Examples of typical interventions include, not exhaustively, providing informational leaflets about factory farming conditions (Norris and Hannan, 2019), showing photographs of meat dishes accompanied by photographs of the animals they came from (Kunst & Hohle, 2016), and providing mock newspaper articles (Macdonald et al., 2016). Details on the many other interventions represented in our meta-analysis are provided in the aforementioned publicly available spreadsheet of study characteristics. Below, we report on studies’ characteristics using percentages that count missing data as its own category, so percentages may add up to less than 100%. Most studies’ interventions contained text (83%), contained visuals (e.g., photographs, infographics, or videos) (62%), contained graphic verbal or visual depictions of welfare conditions in factory farms (61%), and used mind attribution (65%). Relatively fewer interventions invoked social norms (29%), identified a named victim (21%), depicted pets (32%), and gave implementation suggestions (29%), though these relatively lower percentages also reflect missing data on these variables when we did not have access to all intervention materials.

Most interventions (52%) made appeals only regarding animal welfare, with the remaining interventions also appealing to, for example, individual health or environmental concerns. The interventions were typically quite brief in duration: we estimated that 66% lasted less than 5 min, though there was a wide range, with some interventions lasting only about 30 s and others lasting over 90 min. Interventions also varied considerably in their use of explicit recommendations to the viewer: 13% recommended reducing meat consumption, 9% recommended going vegetarian, 7% recommended going vegan, and 24% made some combination of these recommendations.

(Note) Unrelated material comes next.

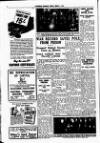 Eastbourne Chronicle Friday 09 March 1951 Page 4
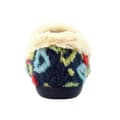 Pikkukuva 2 / 5: Lunar Womens/Ladies Truffle Slippers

Another 43% of interventions made no explicit recommendation, instead simply describing or depicting animal welfare in a manner that was intended to reduce meat consumption. The overwhelming majority (98%) of interventions were not personally tailored (i.e., their content was the same for all subjects regardless of personal characteristics); the few tailored interventions were from a single article (FIAPO, 2017) in which the interventions’ contents differed for currently vegetarian subjects versus for currently non-vegetarian subjects.

3.2.3. Outcomes

Throughout this section, we describe the outcomes used in our own analysis based on the considerations described in Section 2, which sometimes differed from the main outcome reported in the article, especially when raw data were available. Nearly all studies (96 studies; 96%) assessed consumption of meat or animal products, with the remaining studies instead assessing purchasing. 57% of studies assessed subjects’ intended future behavior, another 41% of studies assessed subjects’ self-reported behavior, and the remaining 2% (2 studies) used direct objective measures of subjects’ behavior (i.e., the amount eaten of an offered sample of ham (Anderson & Barrett, 2016) or the percentage of actually purchased meals that contained meat (Schwitzgebel et al., 2019)). About half of studies (53%) measured outcomes immediately after exposure to the intervention. Among the studies that measured outcomes after some delay, the median and maximum follow-up lengths were 39 and 120 days, respectively. For 71% of studies, our extracted point estimates were risk ratios of low versus high meat or animal product consumption10 defined in absolute terms (e.g., being below versus above the baseline median consumption); the remaining estimates were risk ratios of reducing consumption relative to the subject’s own previous consumption.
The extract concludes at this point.